Segment Open
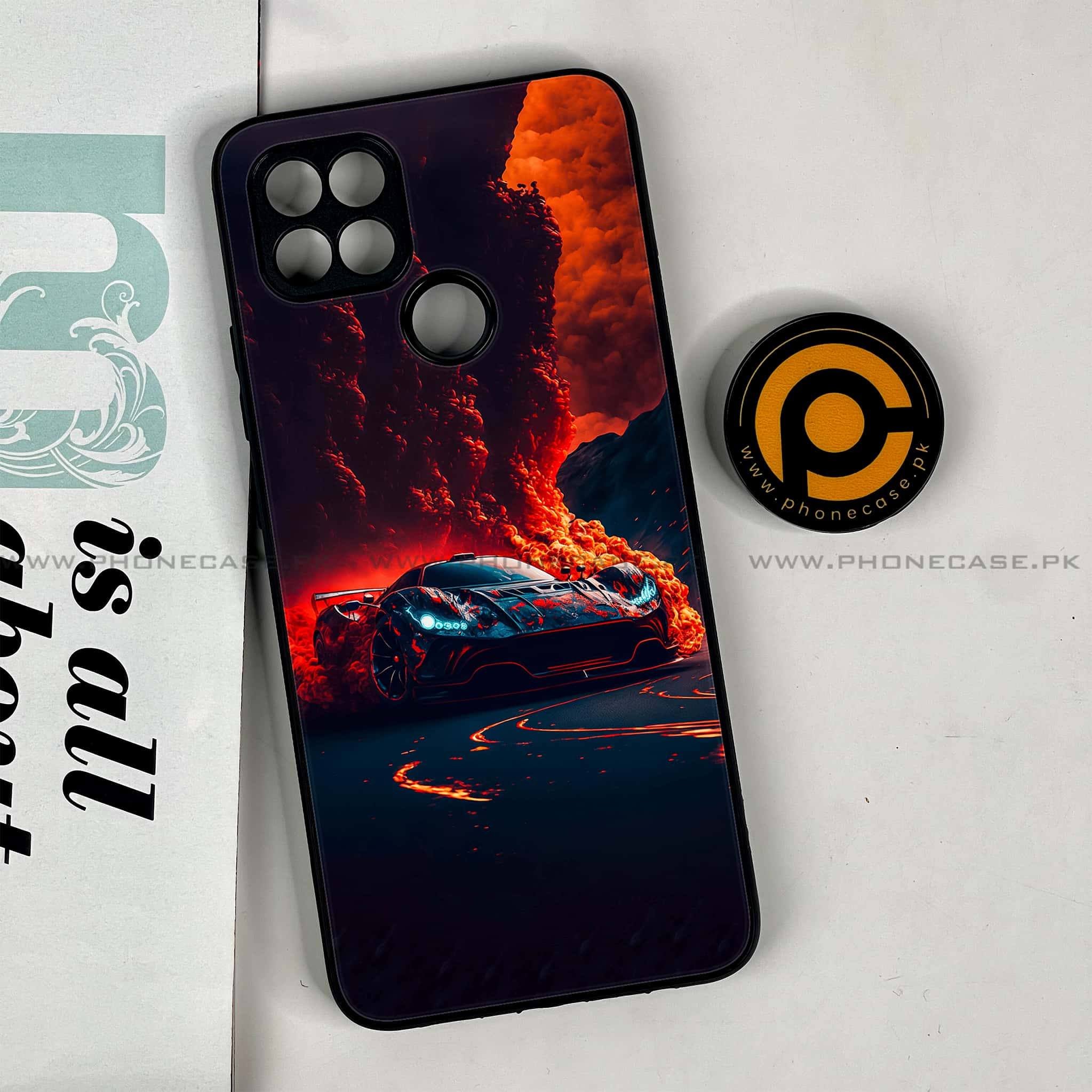 Oppo A15s - Racing Series - Premium Printed Glass soft Bumper shock Proof Case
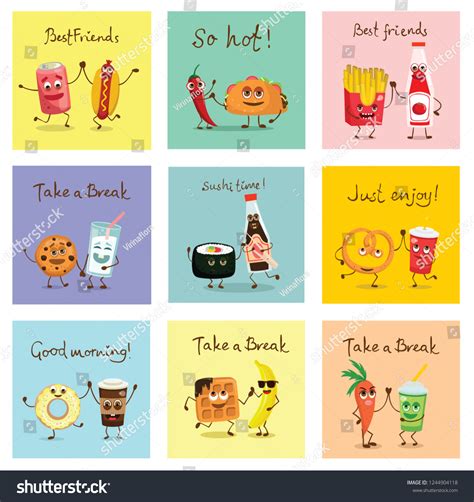 Cartoon Cards Funny Food Friends Characters Stock Vector (Royalty Free ...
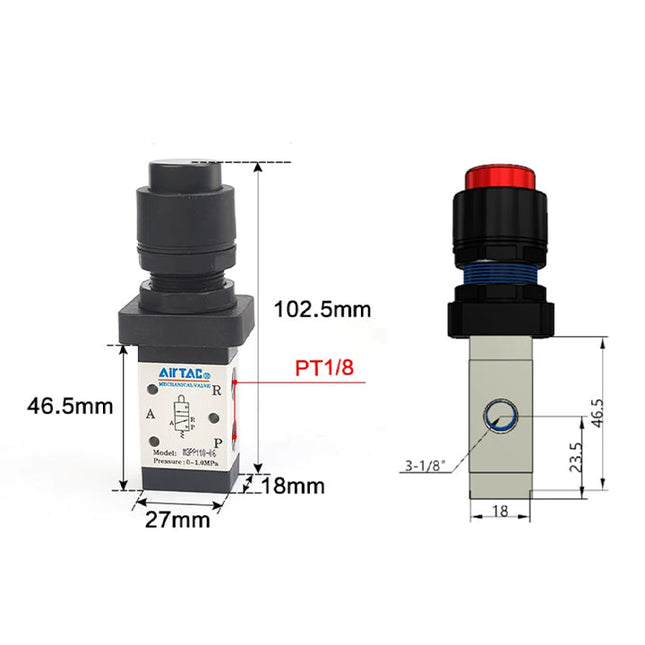 Airtac M3PP110-06: Manual Valve. 3 Way - M3PP11006R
Segment Closed
__What to do__. From the first line to the last, repeat the listing exactly and skip its images.

__Exercise response__.
 Oppo A15s - Racing Series - Premium Printed Glass soft Bumper shock Proof Case
 Cartoon Cards Funny Food Friends Characters Stock Vector (Royalty Free ...
 Airtac M3PP110-06: Manual Valve. 3 Way - M3PP11006R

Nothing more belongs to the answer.